___ Records provided ___
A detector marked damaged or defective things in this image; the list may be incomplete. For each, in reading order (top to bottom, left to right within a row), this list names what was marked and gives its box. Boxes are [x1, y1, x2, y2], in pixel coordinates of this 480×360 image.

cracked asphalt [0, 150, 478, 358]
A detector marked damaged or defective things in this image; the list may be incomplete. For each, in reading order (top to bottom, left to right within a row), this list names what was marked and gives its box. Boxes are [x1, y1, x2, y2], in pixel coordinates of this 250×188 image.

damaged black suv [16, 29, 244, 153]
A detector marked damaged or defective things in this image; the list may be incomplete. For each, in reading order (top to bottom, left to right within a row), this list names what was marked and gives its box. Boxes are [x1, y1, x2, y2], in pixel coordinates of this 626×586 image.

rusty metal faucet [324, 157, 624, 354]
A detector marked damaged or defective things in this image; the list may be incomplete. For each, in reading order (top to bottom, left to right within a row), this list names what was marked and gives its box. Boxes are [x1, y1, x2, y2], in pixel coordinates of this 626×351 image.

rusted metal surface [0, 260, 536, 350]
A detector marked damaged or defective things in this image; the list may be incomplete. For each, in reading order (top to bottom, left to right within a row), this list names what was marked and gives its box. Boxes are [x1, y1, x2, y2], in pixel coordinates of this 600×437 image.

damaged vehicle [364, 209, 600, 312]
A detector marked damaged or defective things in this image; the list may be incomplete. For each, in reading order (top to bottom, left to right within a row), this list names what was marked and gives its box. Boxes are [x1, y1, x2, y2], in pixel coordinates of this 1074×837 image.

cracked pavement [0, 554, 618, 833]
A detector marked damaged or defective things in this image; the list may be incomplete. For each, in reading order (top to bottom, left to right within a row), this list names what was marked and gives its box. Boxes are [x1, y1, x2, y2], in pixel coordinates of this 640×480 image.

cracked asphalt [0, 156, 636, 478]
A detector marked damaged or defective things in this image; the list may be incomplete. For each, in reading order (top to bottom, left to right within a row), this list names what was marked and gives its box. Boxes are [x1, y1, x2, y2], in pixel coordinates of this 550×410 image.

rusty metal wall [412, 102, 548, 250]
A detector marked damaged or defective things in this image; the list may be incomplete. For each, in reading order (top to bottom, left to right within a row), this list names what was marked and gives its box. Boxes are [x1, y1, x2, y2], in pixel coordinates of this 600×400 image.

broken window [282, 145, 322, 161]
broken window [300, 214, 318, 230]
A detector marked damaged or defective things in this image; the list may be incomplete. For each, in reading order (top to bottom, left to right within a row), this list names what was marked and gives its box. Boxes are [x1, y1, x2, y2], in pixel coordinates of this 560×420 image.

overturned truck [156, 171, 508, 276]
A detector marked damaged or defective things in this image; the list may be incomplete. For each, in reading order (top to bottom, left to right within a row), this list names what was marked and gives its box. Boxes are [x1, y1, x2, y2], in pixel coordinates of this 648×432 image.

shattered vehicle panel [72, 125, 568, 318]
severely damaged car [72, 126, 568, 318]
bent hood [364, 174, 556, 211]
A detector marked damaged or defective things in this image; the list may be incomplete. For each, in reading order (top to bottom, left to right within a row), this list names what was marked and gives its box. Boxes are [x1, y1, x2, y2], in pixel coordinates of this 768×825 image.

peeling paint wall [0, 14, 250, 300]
___
Task directions:
Output the material above exactly. Omit nothing.

Solution:
A detector marked damaged or defective things in this image; the list may be incomplete. For each, in reading order (top to bottom, left to right within a row), this list names what was marked and gives its box. Boxes are [x1, y1, x2, y2], in pixel coordinates of this 480×360 image.

cracked asphalt [0, 150, 478, 358]
A detector marked damaged or defective things in this image; the list may be incomplete. For each, in reading order (top to bottom, left to right within a row), this list names what was marked and gives its box. Boxes are [x1, y1, x2, y2], in pixel coordinates of this 250×188 image.

damaged black suv [16, 29, 244, 153]
A detector marked damaged or defective things in this image; the list may be incomplete. For each, in reading order (top to bottom, left to right within a row), this list names what was marked and gives its box. Boxes are [x1, y1, x2, y2], in pixel coordinates of this 626×586 image.

rusty metal faucet [324, 157, 624, 354]
A detector marked damaged or defective things in this image; the list may be incomplete. For each, in reading order (top to bottom, left to right within a row), this list names what was marked and gives its box. Boxes are [x1, y1, x2, y2], in pixel coordinates of this 626×351 image.

rusted metal surface [0, 260, 536, 350]
A detector marked damaged or defective things in this image; the list may be incomplete. For each, in reading order (top to bottom, left to right within a row), this list names what was marked and gives its box. Boxes are [x1, y1, x2, y2], in pixel coordinates of this 600×437 image.

damaged vehicle [364, 209, 600, 312]
A detector marked damaged or defective things in this image; the list may be incomplete. For each, in reading order (top to bottom, left to right within a row), this list names what was marked and gives its box. Boxes are [x1, y1, x2, y2], in pixel coordinates of this 1074×837 image.

cracked pavement [0, 554, 618, 833]
A detector marked damaged or defective things in this image; the list may be incomplete. For each, in reading order (top to bottom, left to right within a row), this list names what was marked and gives its box. Boxes are [x1, y1, x2, y2], in pixel coordinates of this 640×480 image.

cracked asphalt [0, 156, 636, 478]
A detector marked damaged or defective things in this image; the list may be incomplete. For each, in reading order (top to bottom, left to right within a row), this list names what was marked and gives its box. Boxes are [x1, y1, x2, y2], in pixel coordinates of this 550×410 image.

rusty metal wall [412, 102, 548, 250]
A detector marked damaged or defective things in this image; the list may be incomplete. For each, in reading order (top to bottom, left to right within a row), this list names what was marked and gives its box. Boxes are [x1, y1, x2, y2], in pixel coordinates of this 600×400 image.

broken window [282, 145, 322, 161]
broken window [300, 214, 318, 230]
A detector marked damaged or defective things in this image; the list may be incomplete. For each, in reading order (top to bottom, left to right within a row), this list names what was marked and gives its box. Boxes are [x1, y1, x2, y2], in pixel coordinates of this 560×420 image.

overturned truck [156, 171, 508, 276]
A detector marked damaged or defective things in this image; the list may be incomplete. For each, in reading order (top to bottom, left to right within a row), this list names what was marked and gives its box. Boxes are [x1, y1, x2, y2], in pixel coordinates of this 648×432 image.

shattered vehicle panel [72, 125, 568, 318]
severely damaged car [72, 126, 568, 318]
bent hood [364, 174, 556, 211]
A detector marked damaged or defective things in this image; the list may be incomplete. For each, in reading order (top to bottom, left to right within a row), this list names what was marked and gives its box. Boxes are [x1, y1, x2, y2], in pixel coordinates of this 768×825 image.

peeling paint wall [0, 14, 250, 300]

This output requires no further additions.